Embeddings Model and Chunking Engine (Preliminary PR for evaluation purposes only) #354

Tengal-Teemo · 2024-03-12T03:21:47Z

This attempts to add an EmbeddingModel and ChunkingModel with the same overall architecture (using components) as the rest of ragna allowing for, hopefully, automated generation of UI components.

This PR is for preliminary evaluation only.

Tengal-Teemo · 2024-03-12T03:26:35Z

@pmeier See this draft pull request.

pmeier · 2024-03-12T15:51:44Z

Thanks for the PR @Tengal-Teemo! I'll have a look soon.

as the rest of ragna allowing for, hopefully, automated generation of UI components.

Well, #217 🥲

pmeier

IMO, we should split this PR into two parts. One that adds the embedding models and one that adds chunking. Otherwise this will be really hard to review. Assuming we want to do embedding models first, I would totally be ok with EmbeddingModel receiving documents and performing the chunking internally as it is done currently in the source storages. In the follow-up PR we can factor it out into the chunking.

pmeier · 2024-03-15T12:25:31Z

ragna/core/_rag.py

@@ -188,7 +202,14 @@ async def prepare(self) -> Message:
                detail=RagnaException.EVENT,
            )

-        await self._run(self.source_storage.store, self.documents)
+        if list[Document] in inspect.signature(self.source_storage.store).parameters.values():


We should have this kind of logic on as class attribute on the SourceStorage itself. Otherwise, how are we going to communicate this to the REST API / web UI? This needs to be known, because it makes no sense to force the user to select an embedding model when it is unused by the backend.

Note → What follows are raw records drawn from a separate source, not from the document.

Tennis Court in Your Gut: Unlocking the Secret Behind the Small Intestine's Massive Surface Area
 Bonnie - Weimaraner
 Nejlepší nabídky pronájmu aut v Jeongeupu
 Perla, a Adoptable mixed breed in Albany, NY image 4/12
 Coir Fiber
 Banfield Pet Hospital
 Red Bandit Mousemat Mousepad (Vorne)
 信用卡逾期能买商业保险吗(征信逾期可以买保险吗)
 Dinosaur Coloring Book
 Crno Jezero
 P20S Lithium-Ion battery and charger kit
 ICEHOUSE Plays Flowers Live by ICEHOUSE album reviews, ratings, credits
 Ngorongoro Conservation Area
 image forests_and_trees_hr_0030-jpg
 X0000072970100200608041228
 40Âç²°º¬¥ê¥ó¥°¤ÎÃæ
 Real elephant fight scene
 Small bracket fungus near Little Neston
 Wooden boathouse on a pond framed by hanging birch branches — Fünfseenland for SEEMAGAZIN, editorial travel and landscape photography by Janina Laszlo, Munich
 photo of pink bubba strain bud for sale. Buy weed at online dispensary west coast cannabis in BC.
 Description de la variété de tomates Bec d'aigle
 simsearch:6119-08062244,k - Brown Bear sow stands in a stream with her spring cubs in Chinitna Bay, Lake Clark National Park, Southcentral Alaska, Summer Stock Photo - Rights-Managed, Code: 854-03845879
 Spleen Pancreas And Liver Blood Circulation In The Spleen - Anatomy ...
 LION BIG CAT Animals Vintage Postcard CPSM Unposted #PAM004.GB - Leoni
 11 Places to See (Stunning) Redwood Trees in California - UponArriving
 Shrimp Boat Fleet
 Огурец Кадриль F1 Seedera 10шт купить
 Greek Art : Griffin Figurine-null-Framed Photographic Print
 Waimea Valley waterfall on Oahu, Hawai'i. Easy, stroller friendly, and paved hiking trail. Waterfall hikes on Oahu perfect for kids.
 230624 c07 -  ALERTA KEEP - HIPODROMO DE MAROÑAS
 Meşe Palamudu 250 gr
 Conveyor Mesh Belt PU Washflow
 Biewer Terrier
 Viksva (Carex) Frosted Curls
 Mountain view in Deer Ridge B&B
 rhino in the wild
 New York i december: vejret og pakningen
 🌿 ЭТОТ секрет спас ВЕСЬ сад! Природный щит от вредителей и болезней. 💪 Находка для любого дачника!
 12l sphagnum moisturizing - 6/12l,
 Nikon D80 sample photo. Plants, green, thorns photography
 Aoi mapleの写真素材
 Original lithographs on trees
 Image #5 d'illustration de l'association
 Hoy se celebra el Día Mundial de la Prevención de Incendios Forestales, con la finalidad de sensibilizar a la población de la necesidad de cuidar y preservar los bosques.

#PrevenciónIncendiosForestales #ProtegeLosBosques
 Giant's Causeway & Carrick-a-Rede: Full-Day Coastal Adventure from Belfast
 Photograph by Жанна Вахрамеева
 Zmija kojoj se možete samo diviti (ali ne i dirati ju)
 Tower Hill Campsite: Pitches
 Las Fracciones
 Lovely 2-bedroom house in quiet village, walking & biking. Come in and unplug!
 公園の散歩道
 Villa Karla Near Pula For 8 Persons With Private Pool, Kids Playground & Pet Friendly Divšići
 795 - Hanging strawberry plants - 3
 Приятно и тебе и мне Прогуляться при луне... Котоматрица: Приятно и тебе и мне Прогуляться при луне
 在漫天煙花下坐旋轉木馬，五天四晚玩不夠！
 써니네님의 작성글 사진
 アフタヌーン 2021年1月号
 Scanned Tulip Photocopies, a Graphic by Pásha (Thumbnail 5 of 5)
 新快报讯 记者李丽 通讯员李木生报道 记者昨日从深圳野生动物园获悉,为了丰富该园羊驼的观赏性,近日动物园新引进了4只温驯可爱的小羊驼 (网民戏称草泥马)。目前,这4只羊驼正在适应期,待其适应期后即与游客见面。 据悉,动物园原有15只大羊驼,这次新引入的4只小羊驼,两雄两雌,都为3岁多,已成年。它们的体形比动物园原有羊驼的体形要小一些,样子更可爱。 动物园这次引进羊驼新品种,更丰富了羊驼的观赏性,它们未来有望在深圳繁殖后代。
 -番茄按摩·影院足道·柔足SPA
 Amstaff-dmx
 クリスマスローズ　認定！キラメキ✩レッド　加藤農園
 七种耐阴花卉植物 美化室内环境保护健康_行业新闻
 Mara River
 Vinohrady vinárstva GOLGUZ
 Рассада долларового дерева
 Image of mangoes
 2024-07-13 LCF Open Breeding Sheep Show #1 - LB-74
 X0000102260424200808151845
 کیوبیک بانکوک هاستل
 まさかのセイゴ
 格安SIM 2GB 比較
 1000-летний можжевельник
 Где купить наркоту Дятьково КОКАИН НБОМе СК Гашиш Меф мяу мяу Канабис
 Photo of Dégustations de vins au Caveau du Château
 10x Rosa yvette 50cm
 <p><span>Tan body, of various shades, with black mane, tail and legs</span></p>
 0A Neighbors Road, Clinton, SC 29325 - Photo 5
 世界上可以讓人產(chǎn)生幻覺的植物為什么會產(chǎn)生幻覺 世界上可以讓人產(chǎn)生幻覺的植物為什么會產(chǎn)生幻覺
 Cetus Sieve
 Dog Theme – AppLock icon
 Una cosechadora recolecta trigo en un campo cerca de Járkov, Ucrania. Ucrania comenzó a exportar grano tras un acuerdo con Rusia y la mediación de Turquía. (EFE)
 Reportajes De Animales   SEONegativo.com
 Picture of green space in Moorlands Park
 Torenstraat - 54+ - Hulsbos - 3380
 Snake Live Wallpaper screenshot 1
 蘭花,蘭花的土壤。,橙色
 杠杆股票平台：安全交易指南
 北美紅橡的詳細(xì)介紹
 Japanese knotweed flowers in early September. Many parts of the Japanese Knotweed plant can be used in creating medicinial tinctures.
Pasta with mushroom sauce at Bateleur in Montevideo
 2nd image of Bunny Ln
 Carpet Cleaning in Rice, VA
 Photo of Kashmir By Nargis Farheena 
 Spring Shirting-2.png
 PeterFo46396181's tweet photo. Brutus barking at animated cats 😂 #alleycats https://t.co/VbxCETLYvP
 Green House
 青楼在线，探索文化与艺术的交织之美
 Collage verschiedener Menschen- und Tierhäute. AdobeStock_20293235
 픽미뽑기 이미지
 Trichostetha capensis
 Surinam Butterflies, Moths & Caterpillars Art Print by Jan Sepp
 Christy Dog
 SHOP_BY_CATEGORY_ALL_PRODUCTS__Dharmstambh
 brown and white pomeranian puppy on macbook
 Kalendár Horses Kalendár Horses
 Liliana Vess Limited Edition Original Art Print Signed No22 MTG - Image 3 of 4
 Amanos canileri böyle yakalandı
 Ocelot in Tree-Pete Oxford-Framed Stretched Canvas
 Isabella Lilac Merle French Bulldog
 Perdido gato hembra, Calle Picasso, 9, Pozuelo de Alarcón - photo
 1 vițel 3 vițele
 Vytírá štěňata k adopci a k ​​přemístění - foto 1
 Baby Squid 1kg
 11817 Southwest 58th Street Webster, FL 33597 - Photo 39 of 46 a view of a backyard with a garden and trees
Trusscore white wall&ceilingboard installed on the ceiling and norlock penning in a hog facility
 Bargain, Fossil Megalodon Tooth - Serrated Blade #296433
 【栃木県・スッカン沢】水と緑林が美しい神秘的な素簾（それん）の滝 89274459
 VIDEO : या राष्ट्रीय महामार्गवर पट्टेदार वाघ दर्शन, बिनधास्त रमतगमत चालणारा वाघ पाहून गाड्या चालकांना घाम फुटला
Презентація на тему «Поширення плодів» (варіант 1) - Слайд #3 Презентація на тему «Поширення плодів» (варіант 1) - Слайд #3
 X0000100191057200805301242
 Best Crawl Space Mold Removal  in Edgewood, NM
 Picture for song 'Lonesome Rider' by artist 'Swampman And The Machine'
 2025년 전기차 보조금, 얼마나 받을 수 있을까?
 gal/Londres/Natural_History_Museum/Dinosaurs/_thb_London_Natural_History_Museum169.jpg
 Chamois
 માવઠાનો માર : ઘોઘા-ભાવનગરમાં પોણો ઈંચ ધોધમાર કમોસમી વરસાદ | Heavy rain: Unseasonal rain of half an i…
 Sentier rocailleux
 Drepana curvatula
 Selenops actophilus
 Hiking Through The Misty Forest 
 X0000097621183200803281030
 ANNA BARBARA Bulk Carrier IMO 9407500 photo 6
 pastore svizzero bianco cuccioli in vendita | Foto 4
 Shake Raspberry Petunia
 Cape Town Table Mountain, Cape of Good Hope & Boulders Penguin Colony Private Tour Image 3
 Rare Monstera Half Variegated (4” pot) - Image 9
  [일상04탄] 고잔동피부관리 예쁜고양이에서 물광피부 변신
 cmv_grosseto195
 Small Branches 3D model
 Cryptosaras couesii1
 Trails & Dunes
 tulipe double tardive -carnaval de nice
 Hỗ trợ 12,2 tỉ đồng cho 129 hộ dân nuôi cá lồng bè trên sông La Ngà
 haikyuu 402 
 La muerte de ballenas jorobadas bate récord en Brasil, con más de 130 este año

This check needs to be more strict. We should only check the first argument rather than the whole signature.

pmeier · 2024-03-15T12:29:15Z

ragna/core/_rag.py

+            # Here we need to generate the list of embeddings
+            chunks = self.chunking_model.chunk_documents(self.documents)
+            embeddings = self.embedding_model.embed_chunks(chunks)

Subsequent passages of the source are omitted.